While Western media have reacted emotionally and with empathy to the plight of citizens of Ukraine, and identified with Ukrainian defenders, prominent media outlets have also expressed opinions that have shocked and sparked anger due to their bias and racist implications.
Unfortunately, these are not isolated or obscure comments, but rather quite surprisingly have appeared in analyses and reports by prominent media organizations like CBS News, The Telegraph, and Al Jazeera English, as well as in statements made by European politicians. The comments openly favored the white race, Christian religion, and economic status of the Ukrainian refugees, in contrast to people of Middle Eastern or North African descent.

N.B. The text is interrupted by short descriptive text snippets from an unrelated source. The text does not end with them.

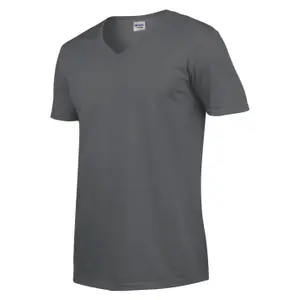 Camiseta con cuello de pico Gildan Softstyle image-2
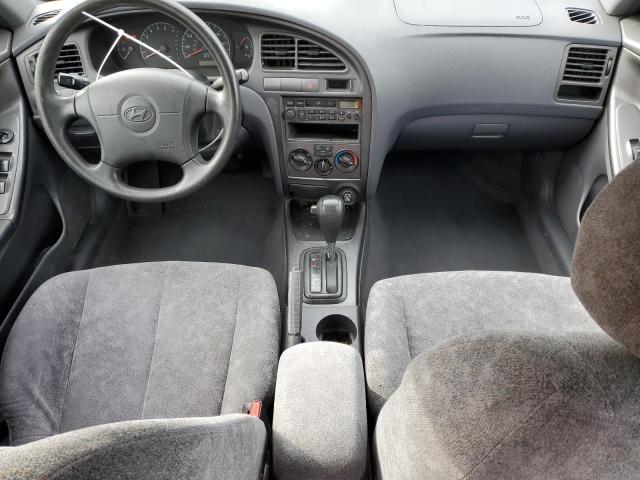 KMHDN45D81U212446 - 2001 HYUNDAI ELANTRA GLS GRAY photo 8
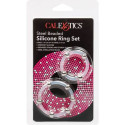 CALEXOTICS - STEEL BEADED SILICONE RING SET 2 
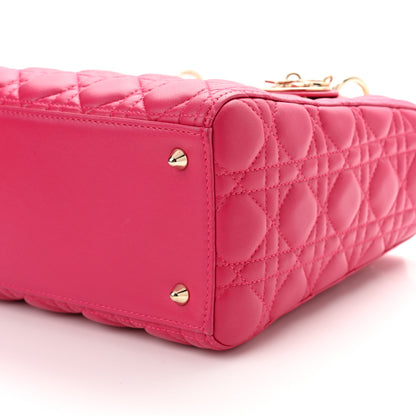 Christian Dior Lambskin Cannage Medium Lady Dior Pink 8 of 8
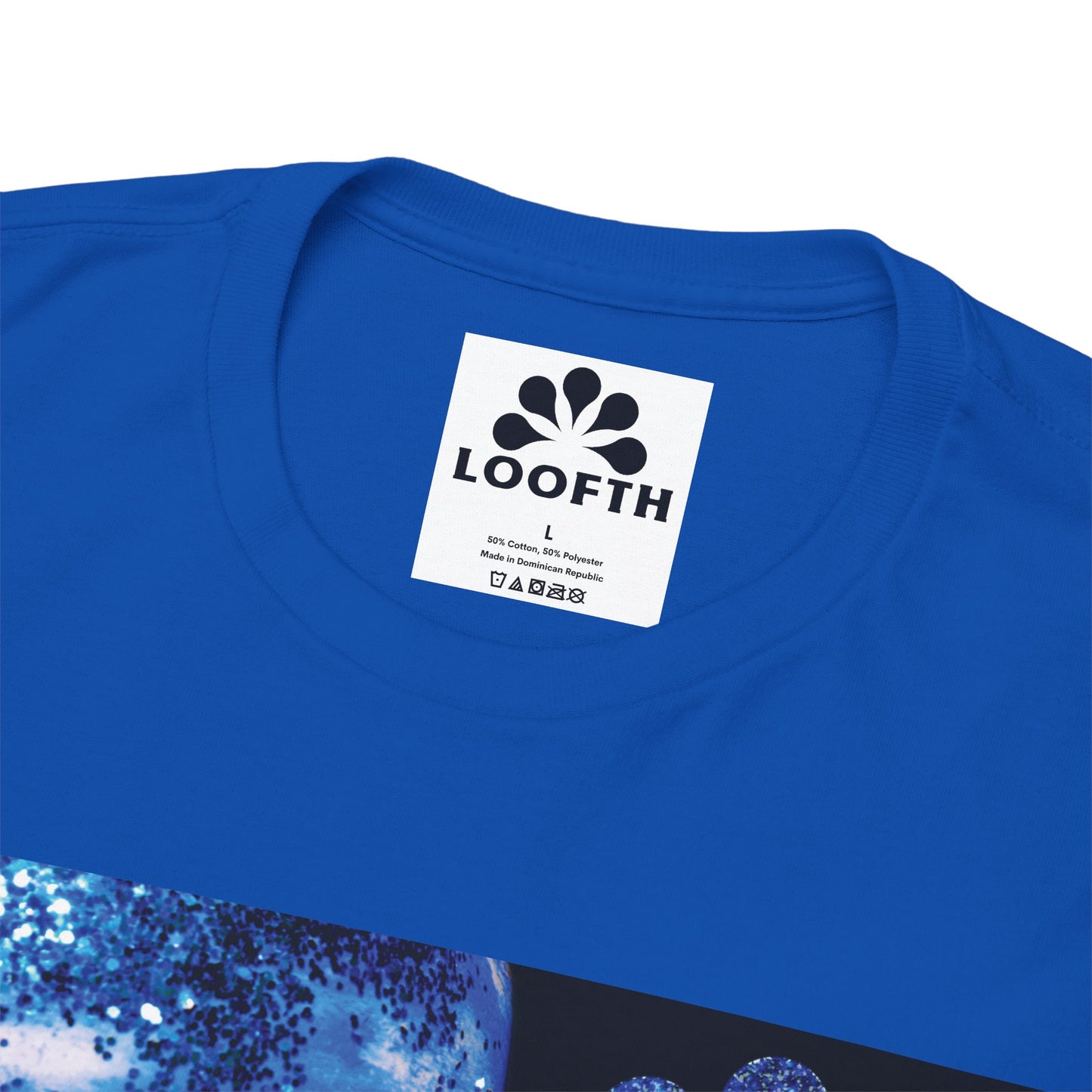 (F) Éclat Bleu Unisex Heavy Cotton Tee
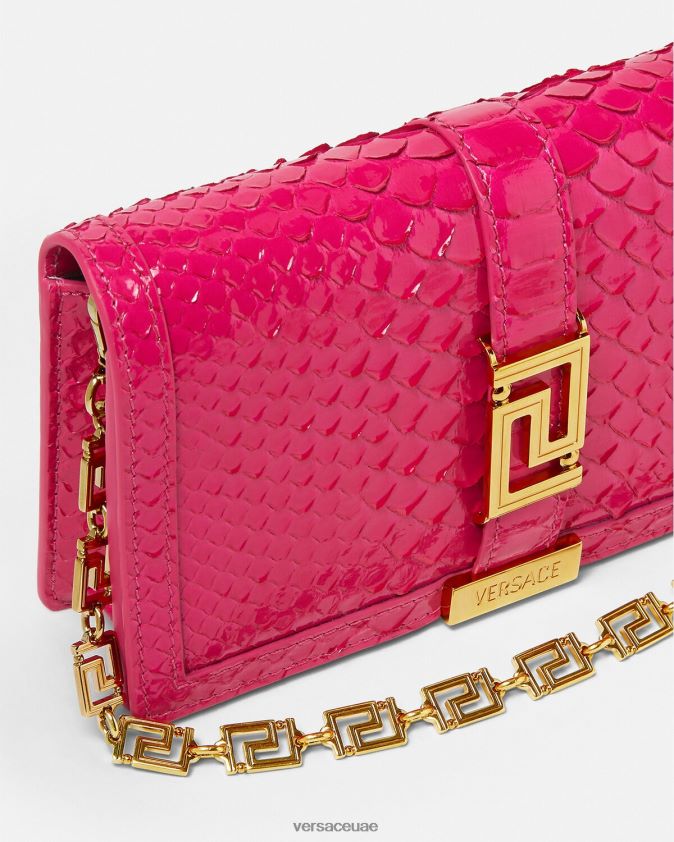 نحيف حقيبة صغيرة من الآلهة اليونانية بيثون Versace لون القرنفل 0FVD2J258 أكياس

For example, Charlie D’Agata, a CBS News correspondent, described Ukraine as a “relatively civilized” and “relatively European” country in comparison with Iraq and Afghanistan. And while Al Jazeera commentator Peter Dobbie noticed that Ukrainians do not “look like” refugees (because they dress and look rather like “middle class” people), NBC correspondent Kelly Cobiella went much further, drawing clear racial distinctions between Syrians and Ukrainians, saying that “they’re Christian, they’re white, they’re very similar to us.”
Talking about Ukrainians, Kelly Cobiella said, “they’re Christian, they’re white, they’re very similar to us.”
The Telegraph’s Daniel Hannan from the UK also “discovered” that Ukrainian refugees “seem so like us” and “that is what makes it so shocking.” He also “discovered” that “Ukraine is a European country” and “its people watch Netflix and have Instagram accounts, vote in free elections and read uncensored newspapers. War is no longer something visited upon impoverished and remote populations.”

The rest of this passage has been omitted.